Action item => Write out the listing exactly, dropping any picture it contains.

++++ Given entries ++++

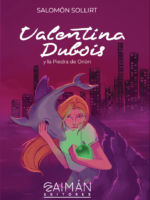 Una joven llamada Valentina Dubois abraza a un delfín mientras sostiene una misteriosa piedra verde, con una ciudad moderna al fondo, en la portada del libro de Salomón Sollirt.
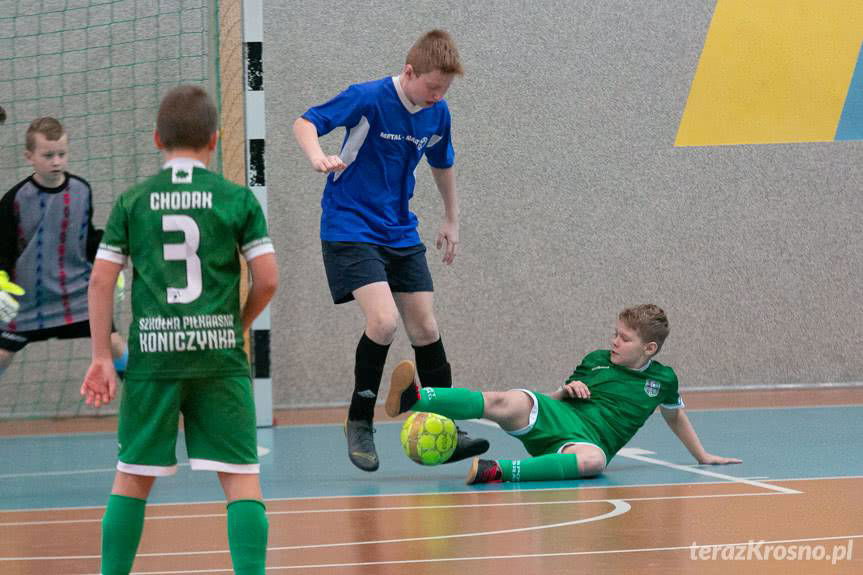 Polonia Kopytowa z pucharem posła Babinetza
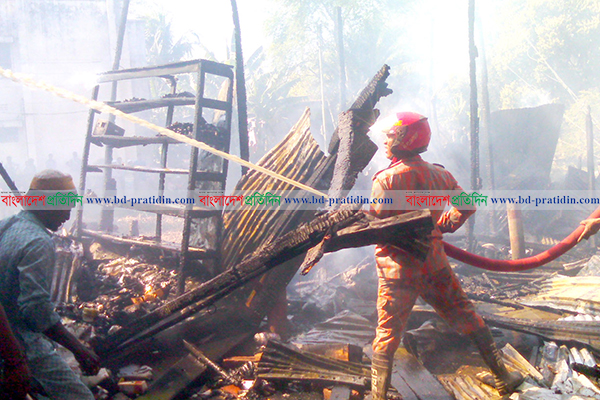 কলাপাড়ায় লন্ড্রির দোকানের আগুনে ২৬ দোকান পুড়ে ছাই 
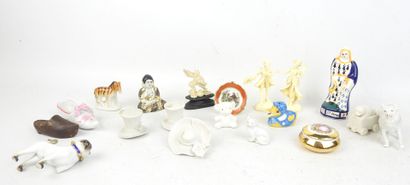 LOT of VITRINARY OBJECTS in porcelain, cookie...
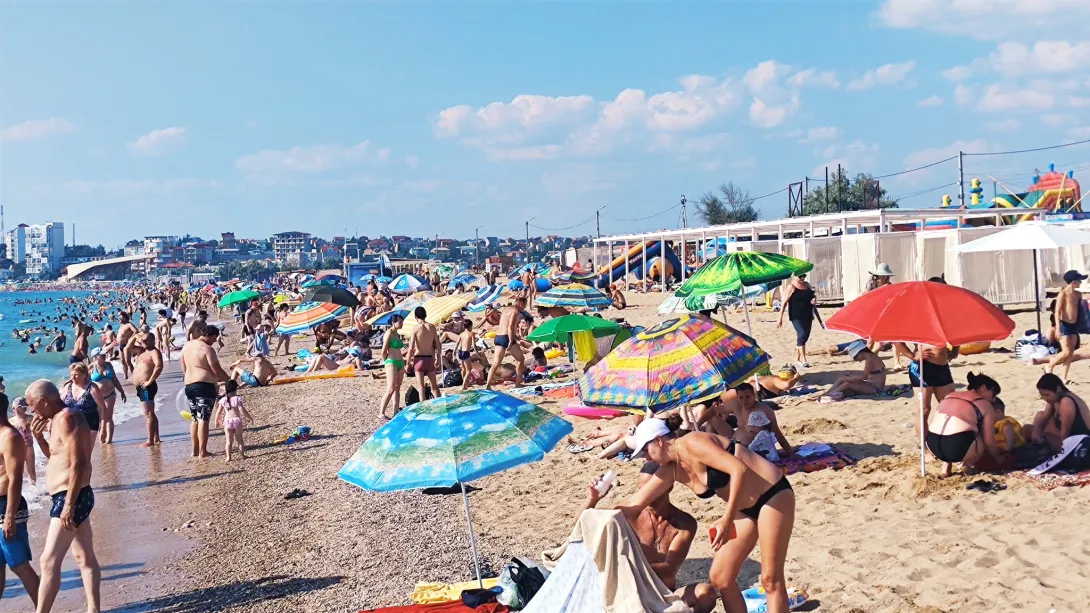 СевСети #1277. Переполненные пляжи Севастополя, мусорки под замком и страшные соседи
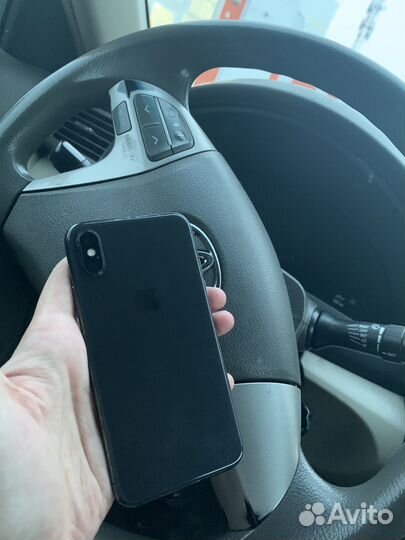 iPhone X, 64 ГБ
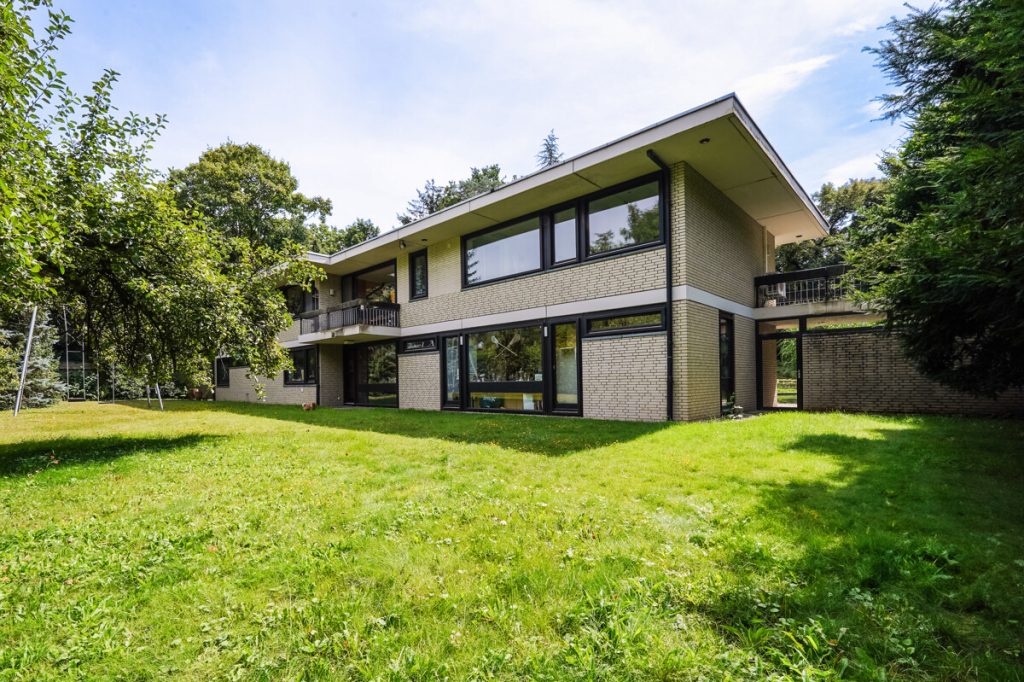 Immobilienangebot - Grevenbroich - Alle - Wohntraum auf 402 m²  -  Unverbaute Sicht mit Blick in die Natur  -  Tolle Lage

++++

Solution to the exercise =>
 Una joven llamada Valentina Dubois abraza a un delfín mientras sostiene una misteriosa piedra verde, con una ciudad moderna al fondo, en la portada del libro de Salomón Sollirt.
 Polonia Kopytowa z pucharem posła Babinetza
 কলাপাড়ায় লন্ড্রির দোকানের আগুনে ২৬ দোকান পুড়ে ছাই 
 LOT of VITRINARY OBJECTS in porcelain, cookie...
 СевСети #1277. Переполненные пляжи Севастополя, мусорки под замком и страшные соседи
 iPhone X, 64 ГБ
 Immobilienangebot - Grevenbroich - Alle - Wohntraum auf 402 m²  -  Unverbaute Sicht mit Blick in die Natur  -  Tolle Lage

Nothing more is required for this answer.